Task objective
Could you copy every entry exactly, dropping the pictures?

---

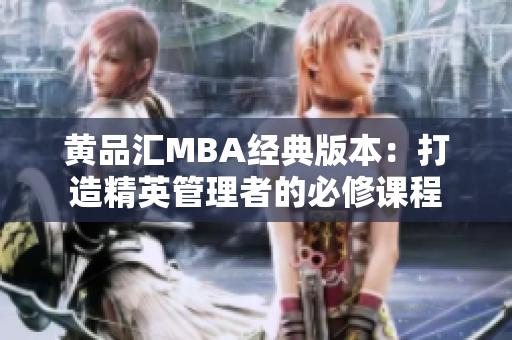 黄品汇MBA经典版本：打造精英管理者的必修课程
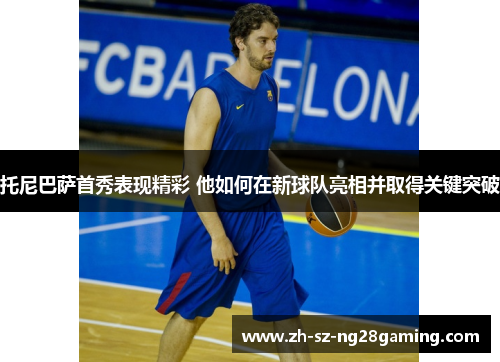 托尼巴萨首秀表现精彩 他如何在新球队亮相并取得关键突破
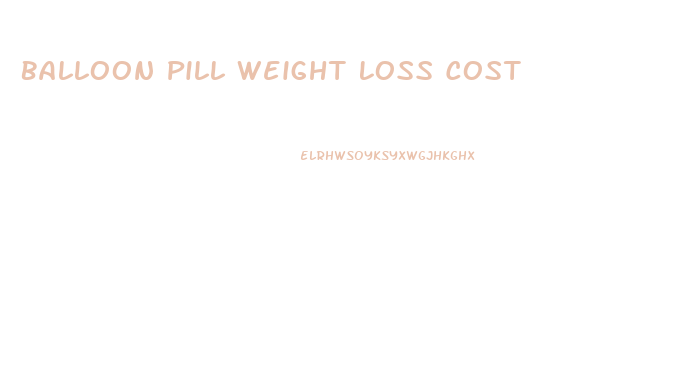 Balloon Pill Weight Loss Cost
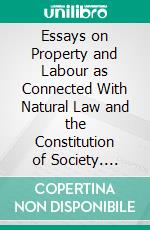 Essays on Property and Labour as Connected With Natural Law and the Constitution of Society. E-book. Formato PDF ebook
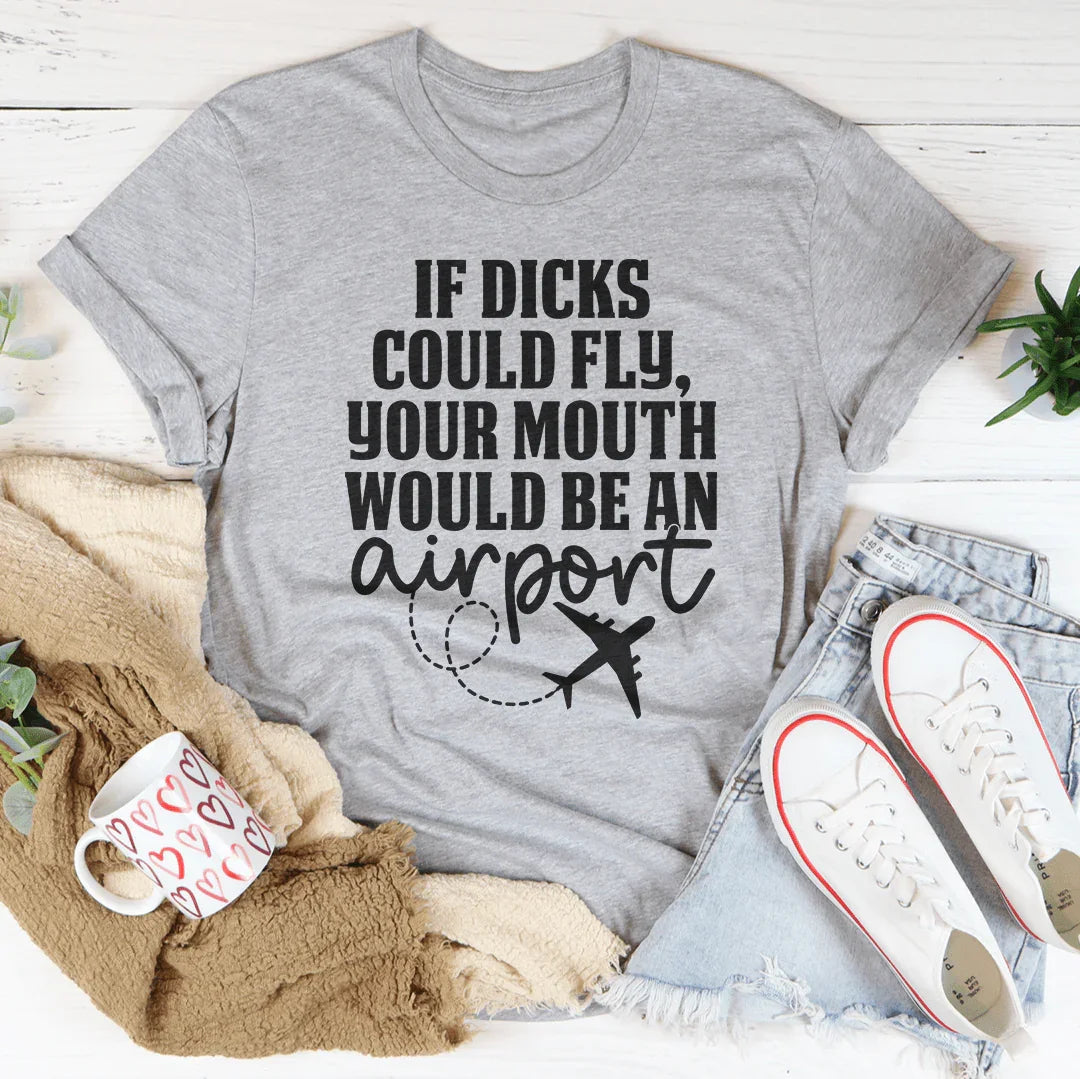 Snarky Quote Graphic Tee – "If D* Could Fly Your Mouth Would Be An Airport"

---

Exercise response
 黄品汇MBA经典版本：打造精英管理者的必修课程
 托尼巴萨首秀表现精彩 他如何在新球队亮相并取得关键突破
 Balloon Pill Weight Loss Cost
 Essays on Property and Labour as Connected With Natural Law and the Constitution of Society. E-book. Formato PDF ebook
 Snarky Quote Graphic Tee – "If D* Could Fly Your Mouth Would Be An Airport"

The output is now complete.